Final submitted report should be prepared independently by each student.

The report should be no longer than 2000 words (excluding the supplementary methods, figure legends, tables, references), and should demonstrate:
* competent analysis of high-throughput sequence data
* Interpretation of the data in a biological context

The report contain these sections in the following order:

  • Abstract: 250 words limit.

  • Introduction: Explains the background of the report, including references.

  • Methods: Briefly summarises the data used and main bioinformatic steps employed (this methods section is included in the 2000-word limit).

  • Results and Discussion: With embedded discussion of each result, as for letters (eg: Nature Genetics).

  • Conclusion: Briefly reiterates the main finding(s), with any caveats, limitations and implications.

  • References:

  • Supplementary methods: Should detail data sources, genome versions used, software used (including version), parameters used and/or commands, and code written for the analysis (including R). Should be a concise, technical narrative.

The following are not included in the 2000 word limit:

  • Figure and Table legends

  • References

  • Supplementary methods


Your reports will need to be submitted via the VLE.

UPDATE: The report submission deadline is now Monday 09 December 2019, 12:00.

Please have a look at the marking criteria to understand how to achieve high marks.

Here are two example reports from previous years. Project A received a grade between 60-70, and Project B between 80-90. Please don’t try to find out who wrote these, except if you want to congratulate them. :)

(Note: These projects are from previous years where the format and word counts were different.)


Data sharing

For this course, you may share:

  • Code/R scripts but if code is not yours, your report must specify which code is not yours.

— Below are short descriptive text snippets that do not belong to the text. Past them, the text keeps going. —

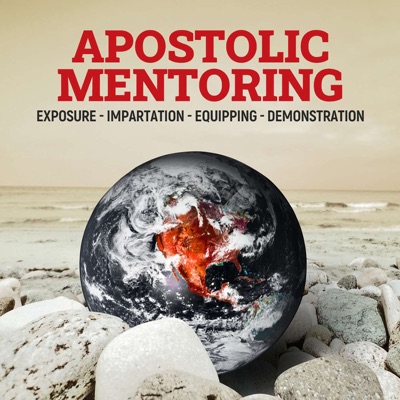 Apostolic Mentoring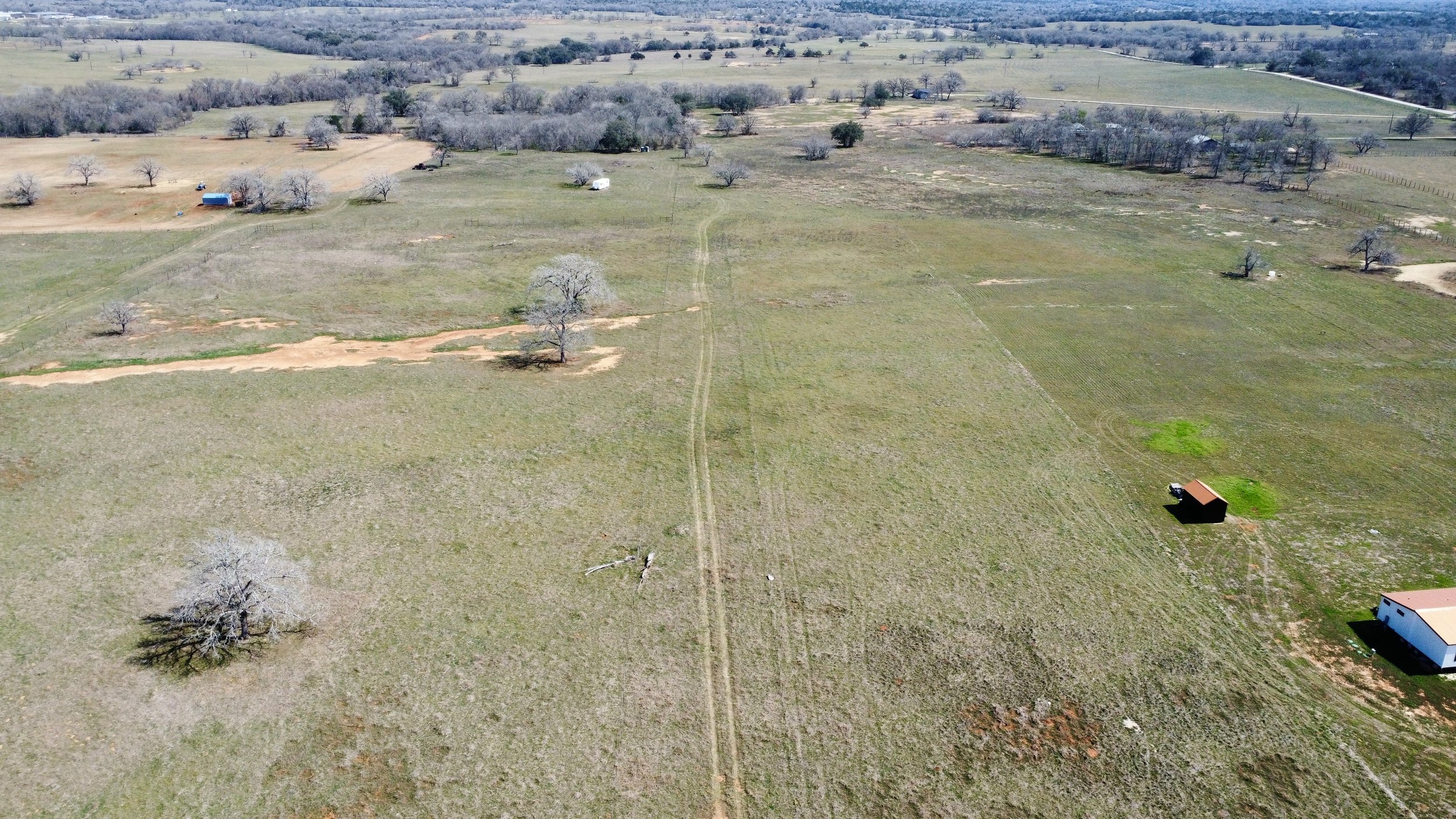 dji_fly_20260226_125204_125_1772133037081_photo_optimized.jpg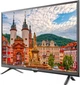 Телевизор BLAUPUNKT 40FB5000 - изображение 9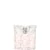 Lumière D'Issey Eau de Parfum 100 ml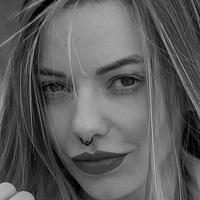 Амајафитнес Голе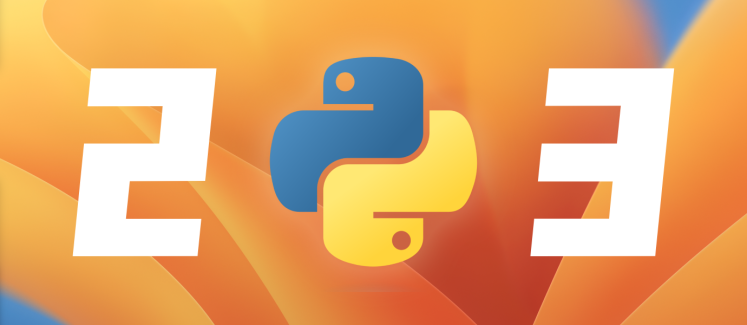 Python2 To Python3 1380x600.png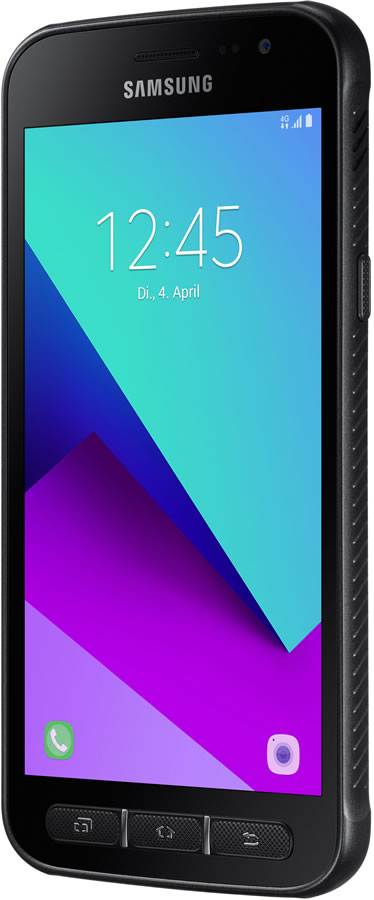 Samsung-Galaxy-Xcover4_SM-G390F_black_451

  • Ideas, but your report must specify which ideas are not yours

  • Raw data outputs (e.g. BAM files if you want to look at more than 10 isolates), again your report must specify which data files were not generated by you.

To enable you to share large files on the linux servers, we have created a shared directory called /scratch/csrv912/shared. You should all be able to copy files to and from this directory. I strongly recommend that you create a subdirectory named after your userid within this directory, otherwise you risk others deleting or overwriting your files.

You should do these things independently:

  • All plots and statistical tests presented must be produced by yourself.

  • All writing, report formatting, references etc.

Here are the University guidelines on collusion.